Book Banquet: Heidi

As a book geek and food lover one of my favorite things to do is attempting to recreate drinks and food that are mentioned in books. I decided I would share this hobby of mine in the form of a new category: book banquets.

The book for today’s banquet is Heidi, and we’ll be taking a look at her usual breakfast: bread and milk. Today’s ‘banquet’ can’t really be called a recipe, but In the book Johanna Spyri (the author) describes the milk and bread breakfast frequently so it’s the one I decided to go with. Every morning Heidi’s grandfather would milk one of his goats and give Heidi a frothy bowl of warm milk and a piece of bread. This sounds fairly simple–and it is–but I had to experiment for a while before I found the right milk/bread combination.

Heidi’s Breakfast

Ingredients:

  • 1 piece of bread
  • approximately a cup of milk in a bowl

Preparation:

  • Rip off a piece of bread and soak it in the bowl of milk. Let the milk soak through–or you won’t get that milk and bread taste–but don’t leave it in too long or it gets soppy and pretty nasty.

Easy, right? It is, but if we want to get close to Heidi’s actual breakfast you need to be picky about the kind of bread and milk you use. For starters DO NOT use skim milk. Normally I can’t tell the difference between whole and skim milk, but bread with skim milk was down right nasty. It mostly tasted like like soggy bread that was dropped in water. Whole milk is best, and the fresher the better. If you really want to go for authenticity try to find someone locally who owns dairy goats. Even if they don’t run an actual goat dairy they would probably be willing to sell you fresh milk, just make sure you know your milk seller has clean facilities and high grade milk. (Fresh, local cow milk would be a good substitute.) Even if you use whole milk you can add a teaspoon or tablespoon of cream to get the most authentic taste. Since Grandfather gave Heidi milk that came straight from the goat he wouldn’t have separated the cream from the rest of the milk.

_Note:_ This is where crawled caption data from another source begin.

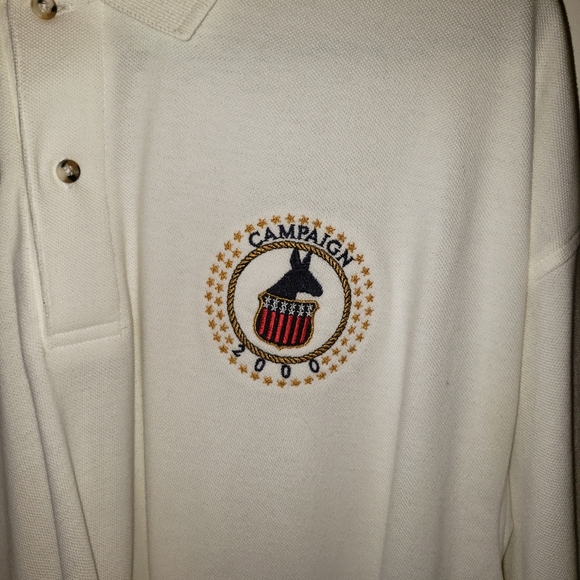 Presidential 2000 shirt - Picture 2 of 2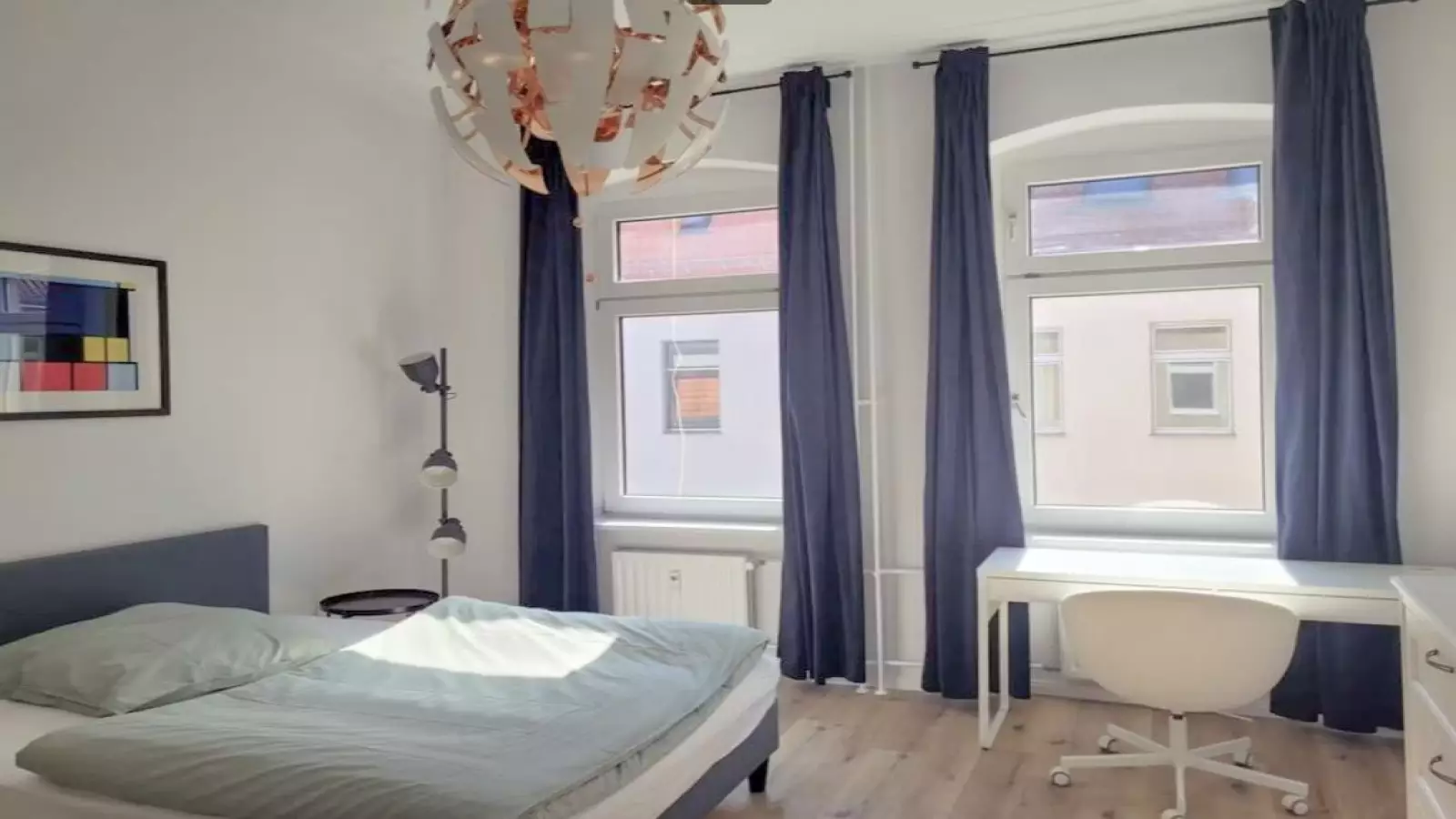 Wohnung Warschauer Straße in Berlin
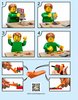 Istruzioni per la Costruzione - LEGO - Creator - 31051 - Punta del faro: Page 2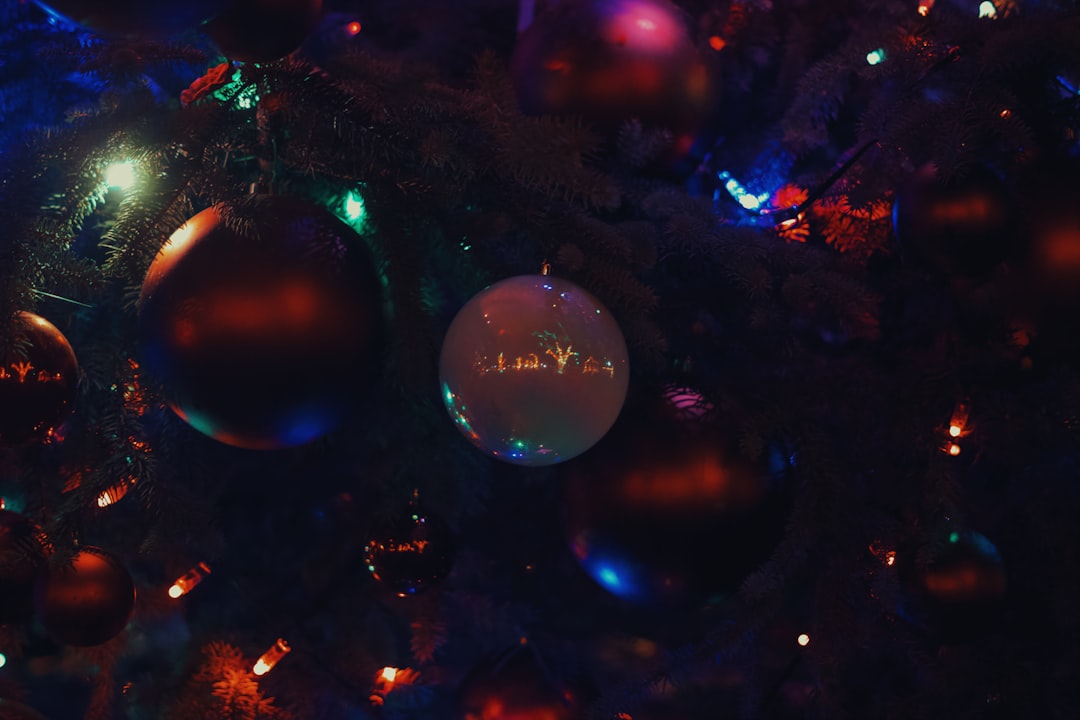 Solvang California transforms for Christmas visitors planning 2025… — Solvang California transforms for Christmas vis...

Secondly, for most of the book Heidi raves about wanting to get Peter’s (the goat herder) grandmother soft bread. She says the dark, hard bread is too difficult for her to eat. What we can infer by this is that the bread Heidi eats is very heavy and has a thick crust. (This also makes sense because crusty breads hold up better in the milk.) Again, if you’re going for authenticity I would suggest making bread in a bread machine. Bread machine bread has a thicker crust and tends to come out darker than store bought bread. DO NOT MAKE A FLAVORED BREAD!! If you want to go for something lightly sweet, like a honey bread or apple bread, that would be fine, but don’t go for herbal breads. It doesn’t taste horrible, but it certainly doesn’t taste breakfast-y. If you’re in a time crunch and you want to use store bought bread go for it. Try to get something that is heartier with nuts or whole grains–not super soft white bread. This is because, again, we know Heidi ate extremely crusty bread and because soft white bread doesn’t hold up in the milk.

If you want to take this a step farther you could make Heidi’s lunch–which was bread covered with soft goat cheese and milk. (I’m pretty sure if this is all people ate they would suffer from scurvy.)